By Ben Blaschke
The 13 Holdings has revealed a revised opening date of “on or before” 31 March 2018 following the announcement of a proposed issuance of rights issue shares to the value of HK$973 million, which the company says will be “be sufficient for completion of The 13 Hotel.”
In an announcement to the Hong Kong Stock Exchange detailing what appears to be a last-ditch “Hail Mary” fundraising attempt, The 13 Holdings outlined its intention to use the net proceeds from the rights issue – which would see the total issued share capital of the company increase by 50% – to settle the remaining pre-opening expenses of The 13 Hotel. Those expenses include costs related to decoration, furniture, fixtures and equipment, operating supplies and equipment and other hotel operation preparation costs.

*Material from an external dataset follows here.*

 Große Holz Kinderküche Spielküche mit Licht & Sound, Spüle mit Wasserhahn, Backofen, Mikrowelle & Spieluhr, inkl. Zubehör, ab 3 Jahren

The company was previously granted a temporary HK$300 million bridging loan in December, which will also be repaid via the rights issue – itself dependent upon shareholders approving a capital reorganization of the company.
If successful, the ambitious plan would see The 13 Hotel open 12 months late, having originally been scheduled for a 1Q17 launch. Work on the interior fit-out has been halted since July.

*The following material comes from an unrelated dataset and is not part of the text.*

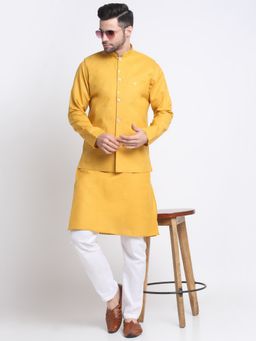 Kraft India - Men Yellow Kurta & White Pyjama with Embroidered Sequined Nehru Jacket (Set of 3)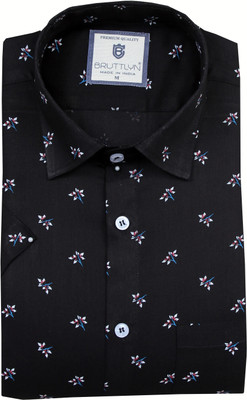 Bruttlyn Men Printed Casual Black Shirt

Nevertheless, The 13 Holdings also confirmed its desire to include a casino inside the hotel following recent questions over its failure so far to apply for a gaming table allocation from the Macau government.
“The company’s intention is to include gaming operations in The 13 Hotel as soon as practicable, subject to the progress of the licensed operator in submitting an application for and obtaining approval for the gaming operation after the licenses for the operation of The 13 Hotel have been granted or when it is clear such licenses are almost certain to be granted as a matter of procedure,” it said.
“The authorization to install and operate a casino in The 13 Hotel is subject to the approval of the Macau Government and therefore its success remains an uncertainty. However, the company would like to reiterate that although it is the company’s intention to include gaming operation in The 13 Hotel, it is subject to, among other things, the entering into a formal agreement between the company and the licensed operator and the approval of the Macau Government, and as such, gaming operations may or may not commence at The 13 Hotel, but will not affect the opening and the hotel operation of The 13 Hotel.”
The 13 Holdings said it had entered into a Memorandum of Understanding (MOU) with an affiliate of a Macau concession or sub-concession in April 2008 in relation to the management and operation of a casino proposed to be opened in The 13 Hotel. It added that the affiliate had sent a confirmation letter in November 2010 and another in September 2012, and that it expects a formal agreement to be signed subject to the licensed operator gaining approval from the government to proceed.
But whether the company reaches that point remains to be seen, with the company itself suggesting the rights issue is now its final opportunity to complete construction and avoid defaulting on current bank loans. The 13 Holdings previously attempted to raise funds in April 2016 through the issue of high yield notes but failed to find a lender. In June, an investment bank cancelled its interest in possible high yield notes financing via a second mortgage after conducting due diligence work. That same month shareholders also rejected a proposal for an equity or convertible bonds placement.
As a result, The 13 Holdings says that it has “no further options but to proceed with the rights issue as the only viable option that can be executed on a timely basis.
“The board believes it would demonstrate to the respective lenders under the existing bridge loan and the HK$3.05 billion facility agreement that the group is able to comply with its obligations under the respective facility agreements (one of which required the Group to open the hotel by 31 July 2017, but the rolling back of which date remains under current discussion with the lending bank) in order to avoid triggering any default of the loans and meet the urgent financing required to complete and open The 13 Hotel.”
The 13, with an original estimated a cost of US$1.4 billion, has been billed as the most luxurious hotel in the world including 200 “all-villa” suites ranging from 2,000 to 30,000 square feet, 24-hour butler service and a fleet of 30 custom made red Rolls-Royce phantoms – the largest single order in Rolls-Royce history.
However, costs have since ballooned with the group attributing the blowout to prolonged licensing processes with the Macau Government, upgraded designs for the second stage fitting-out works and difficulties with labor recruitment.